La dernière étude d'OXFAM sur la distribution des dividendes par les entreprises du CAC 40 concentre les commentaires économiques de cette semaine sur le thème des inégalités croissantes alimentées par la distribution de dividendes. Ce rapport est fondé sur des données judicieusement choisies, une méconnaissance du fonctionnement des sociétés et un mythe hélas largement partagé.

Des données « judicieusement » choisies

Le rapport indique que les bénéfices des entreprises du CAC 40 ont augmenté de plus de 60 % depuis 2009 pour atteindre 93 Md€ en 2017.

En réalité, comme en témoigne le graphique ci-dessous, ces bénéfices ont à peine retrouvé leur niveau d’avant crise :

De plus, concernant la répartition de ces bénéfices, le rapport indique que de 2009 à 2016 ces entreprises ont distribué en moyenne 67,4 % de ces bénéfices sous forme de dividendes, ne laissant ainsi que 32,6 % pour le réinvestissement. Et l’OXFAM d’affirmer : « Cette primauté donnée à la rémunération des actionnaires a pour corollaire une baisse significative de l’investissement qui risque de fragiliser à terme la santé économique des entreprises françaises» et de stigmatiser « la tendance du versement de dividendes au détriment des investissements ».

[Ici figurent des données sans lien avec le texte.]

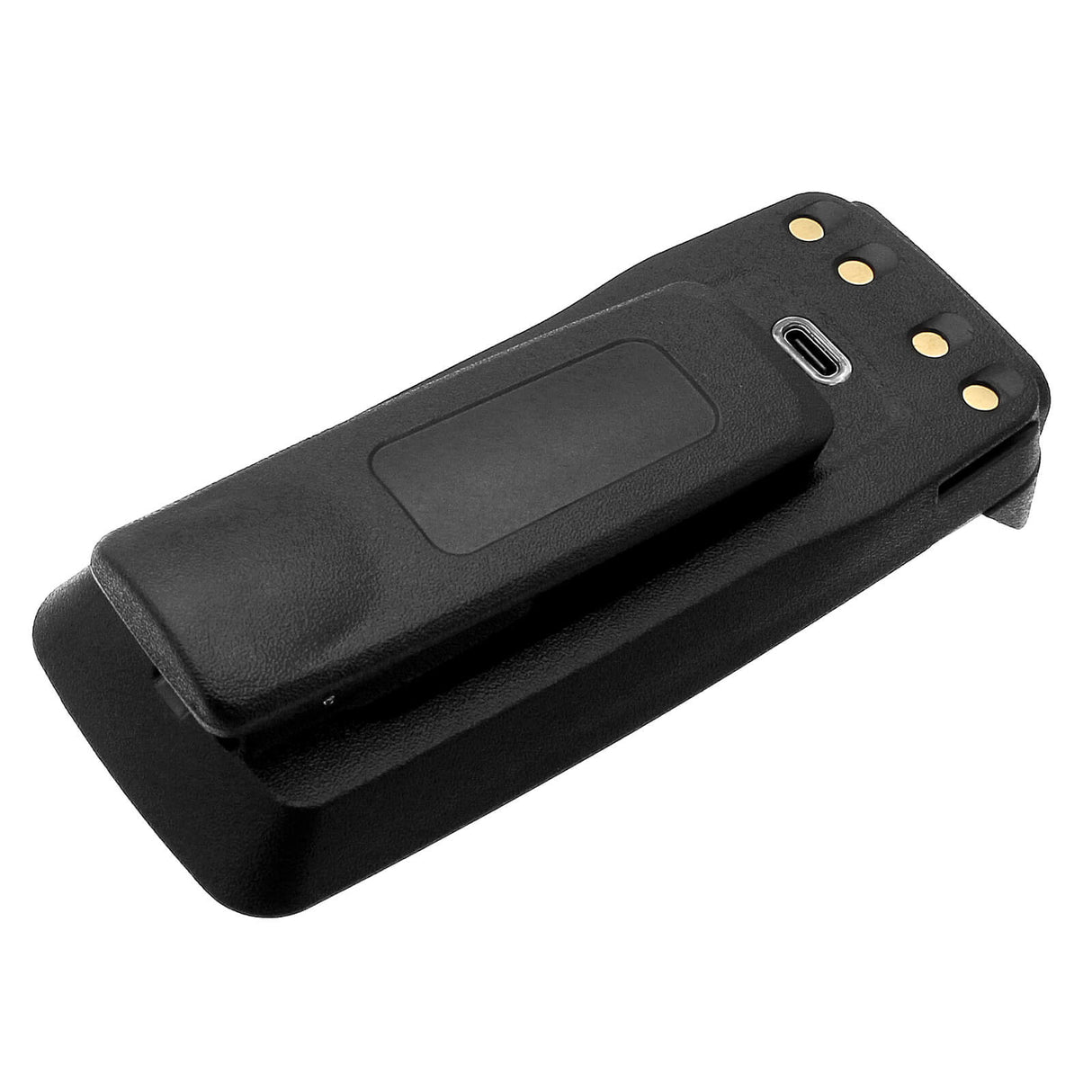 Two-Way radio Li-ion Battery, With USB Charge Port For Motorola, Mototrbo Dr3000, Mototrbo Dp3400 7.4v, 3350mah - 24.79wh Two-Way Radio Cameron Sino Technology Limited   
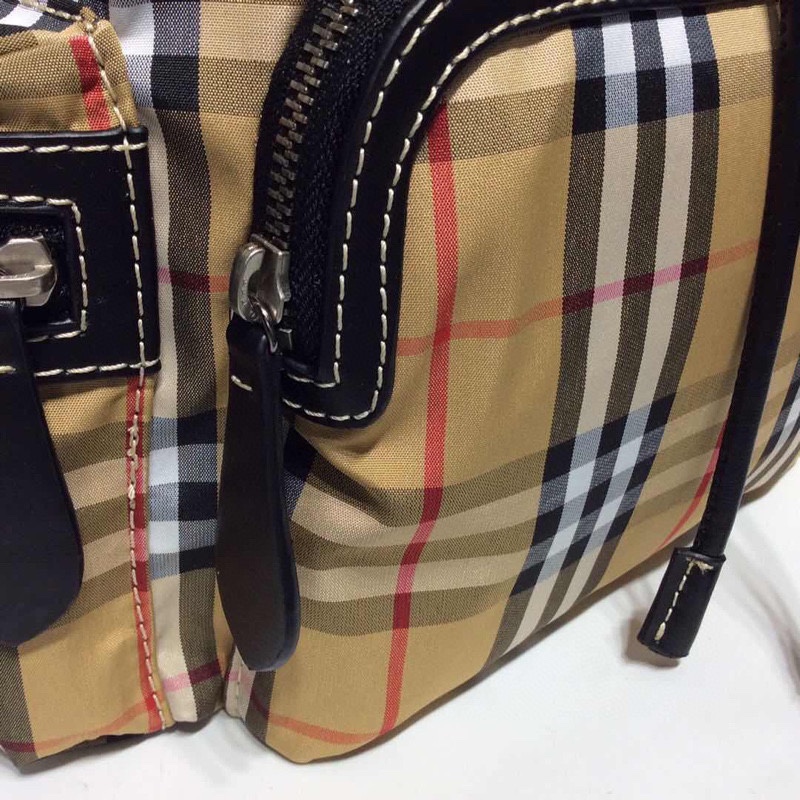 Burberry Large Backpack - Image 7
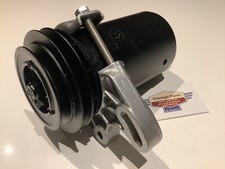 Fiat 500 126 dynamo FIAT R90-180/12-2500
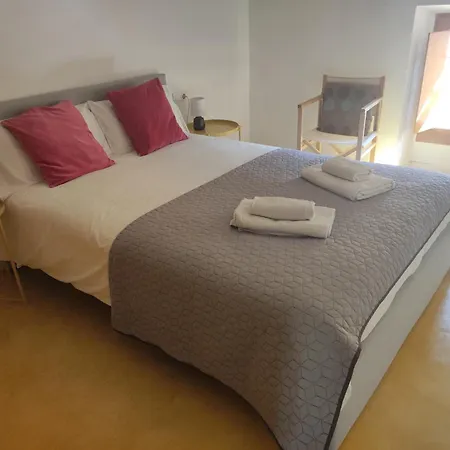 Cas Potecari Holiday home Porreres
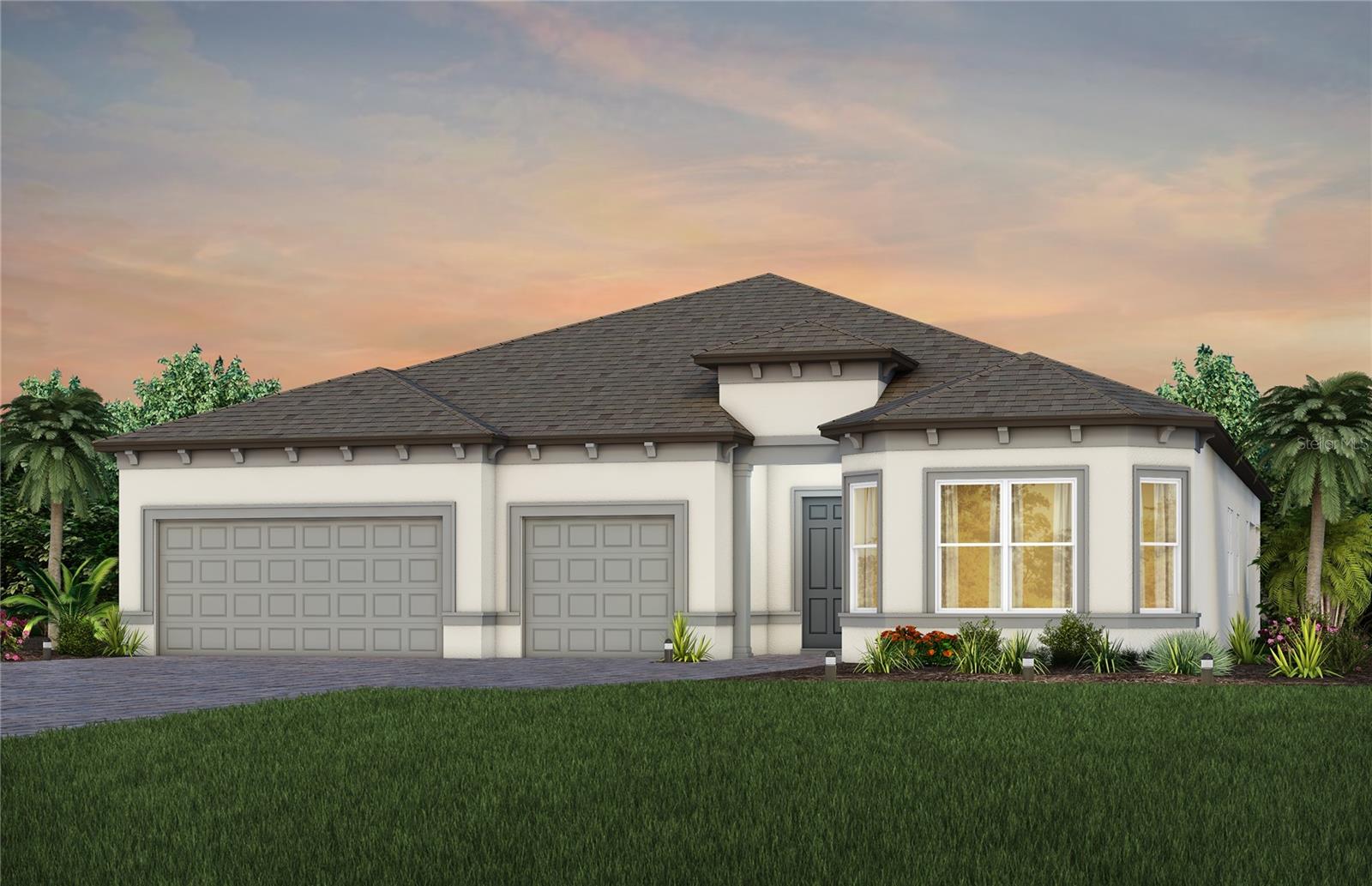 Single Family Residence em SPRING HILL, FL - Daniel Dourado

Qu’en est-il en réalité ? Premièrement, contrairement à cette affirmation, les investissements des entreprises du CAC 40 ne sont pas conditionnés par leur capacité d’autofinancement mais par la rentabilité anticipée de ces investissements. En effet, ces grandes entreprises ont un très large accès à toutes les formes de financement extérieur (actions, obligations, dette bancaire, financement de projet, titrisation, …) et ne sont pas contraintes par leurs ressources financières propres.

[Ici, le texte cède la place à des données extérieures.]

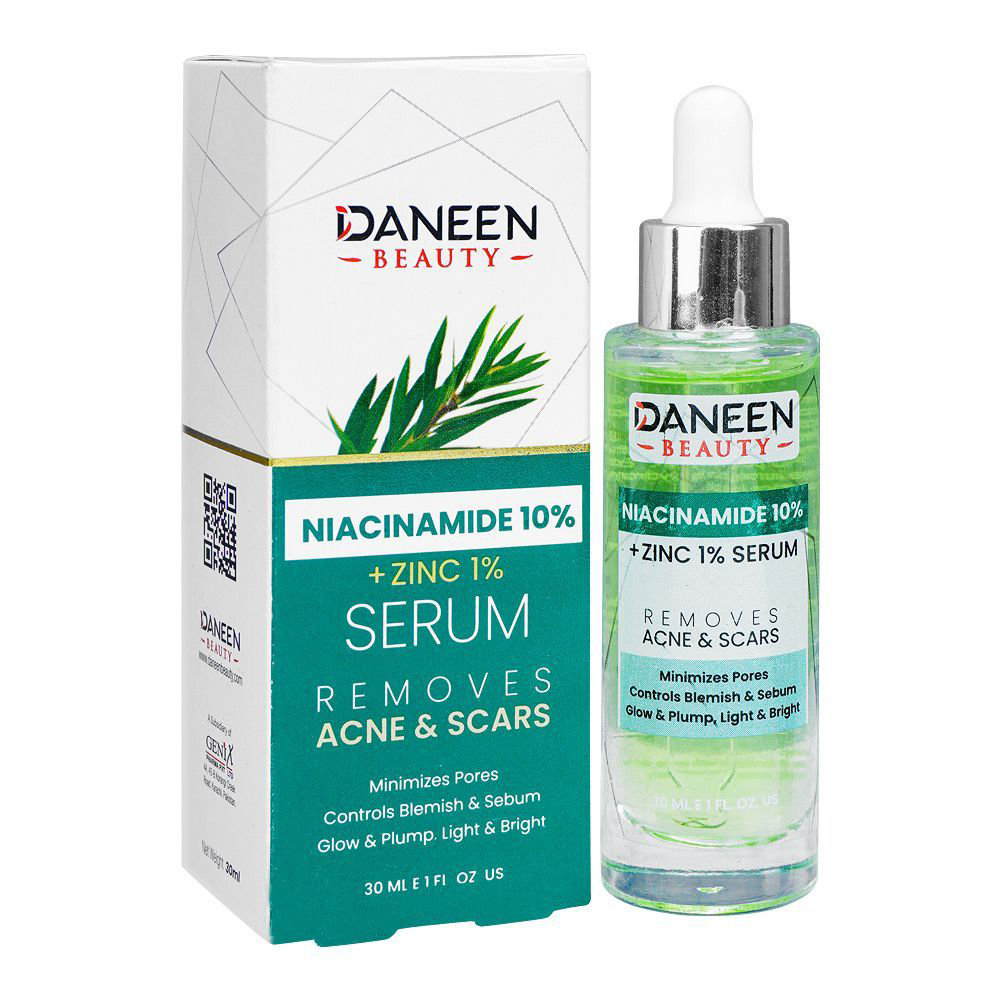 Picture of Daneen Serum Niacinamide 30ML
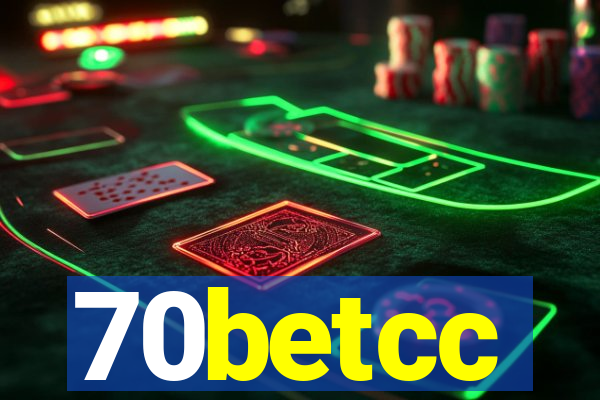 70betcc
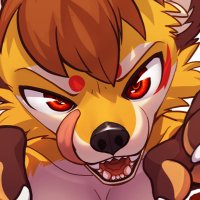 LunLunFox(@lun_fox) 's Twitter Profile Photo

L’affirmation selon laquelle « la rémunération des actionnaires a pour corollaire une baisse significative de l’investissement » traduit donc une profonde méconnaissance de la façon dont ces entreprises décident de leurs investissements.

Deuxièmement, le taux de distribution des dividendes de 67% est resté stable depuis 2009 (cf. page 19 du rapport OXFAM), ce qui signifie qu’au cours de cette même période la partie « laissée pour l’investissement » (partie non distribuée des bénéfices) a augmenté au même rythme que les bénéfices des entreprises du CAC 40, c’est-à-dire de 61%. Cette évolution contredit la thèse de l’OXFAM selon laquelle le versement des dividendes se fait au détriment des investissements.

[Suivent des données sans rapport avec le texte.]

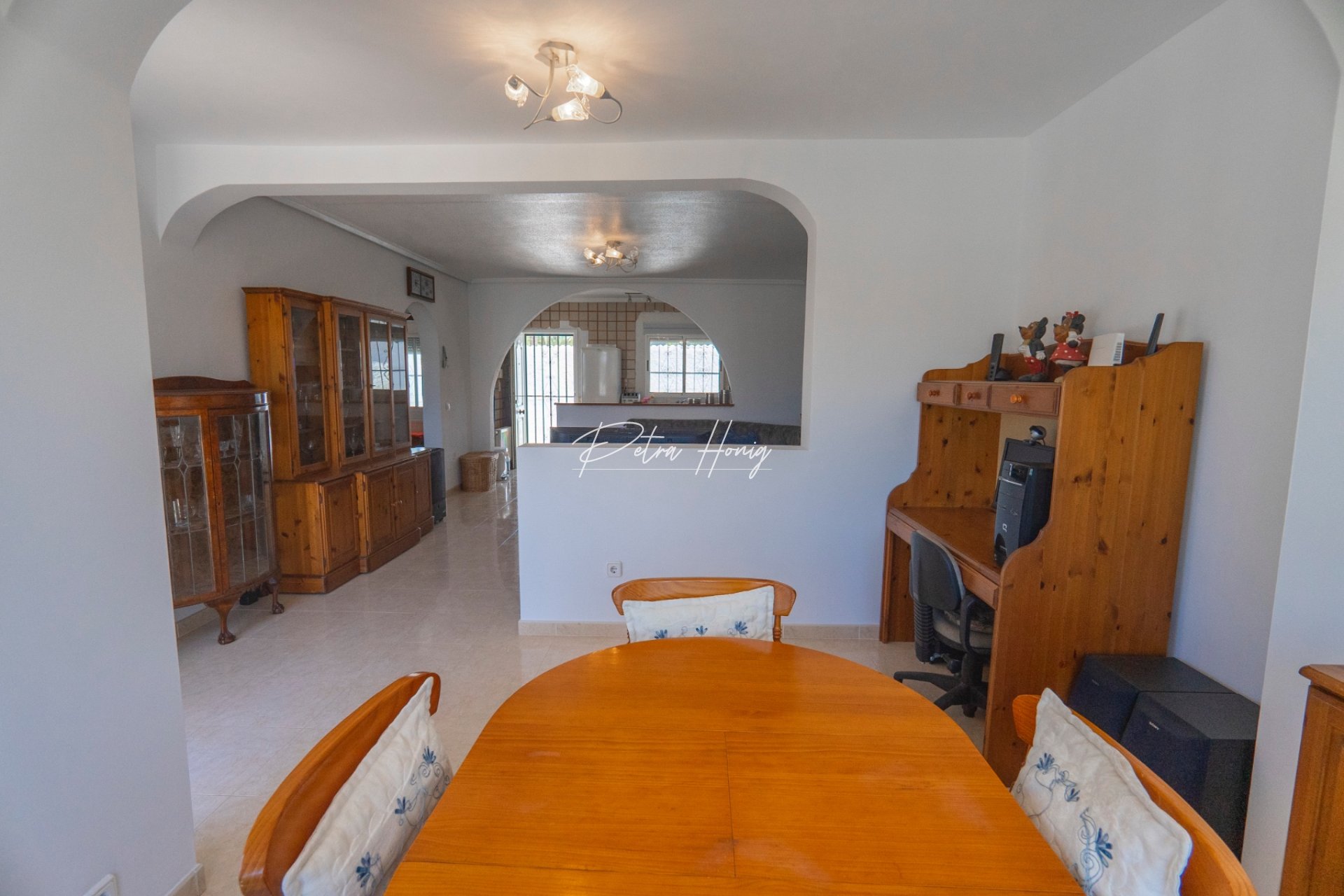 A Vendre - Villa - Ciudad Quesada - Town Center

En conclusion, si les dividendes versés par les entreprises du CAC 40 sont à leur plus haut niveau on ne peut que s’en réjouir, car ils reflètent la croissance de ces sociétés qui a permis celle de l’investissement et de l’emploi. Précisément, concernant l’emploi, on observe qu’entre 2006 et 2011, seule période pour laquelle les données sont aisément disponibles, les salaires de l’ensemble des entreprises du CAC 40 ont augmenté de 13 %, les effectifs de 10 % pour une croissance de 25 % de leur masse salariale[1] alors que dans le même temps leurs bénéfices diminuaient de 26% passant de 92 à 68 Md€.

Le mythe du dividende qui enrichit l’actionnaire

Le rapport poursuit : « les versements record de dividendes aux actionnaires bénéficient à une minorité fortunée et nourrit ainsi les inégalités. »

Erreur. En réalité, les dividendes sont la conséquence des inégalités de patrimoine mais ils ne nourrissent pas les inégalités.

En effet la distribution des dividendes diminue la trésorerie de la société et réduit immédiatement sa valeur du même montant. Très concrètement - et très logiquement - on observe que le cours d’une action baisse du montant du dividende mis en distribution le jour-même du détachement du coupon.

Ainsi, le paiement d’un dividende réduit la valeur du compte-titres de l’actionnaire et augmente simultanément ses liquidités du même montant.

Le seul à s’enrichir en l’occurrence est l’Etat qui perçoit une taxe qui s’ajoute à l’impôt déjà payé par la société sur ses bénéfices avant leur distribution sous forme de dividendes.

Ce qu’OXFAM ne dit pas

Ce qu’OXFAM ne dit pas c’est qu’en matière d’inégalités la plus grande de toutes est le chômage de masse et en particulier le chômage de longue durée. Ce chômage ne peut être résorbé que par la création d’emplois marchands, ce qui nécessite des sociétés prospères et des actionnaires attirés par l’investissement.

Depuis quelques décennies chaque gouvernement, déclare vouloir retenir ou faire venir les investisseurs dans notre pays. N'y a-t-il pas là matière à s'interroger ? Pourquoi attirer davantage de "profiteurs" ? La réponse est toute simple : en dépit des protestations et des indignations, le développement de l'économie et la baisse du chômage exigent des capitaux privés investis en actions.

Or, la détention d’actions implique des risques de perte compte tenu de la volatilité des résultats des entreprises (cf. graphique ci-dessus).

Si les dividendes distribués par les entreprises du CAC 40 étaient extravagants, on serait naturellement conduits à se demander pourquoi le grand public préfèrerait placer ses économies sur un livret A rémunéré à 0,75% ou sur une assurance vie sans risque.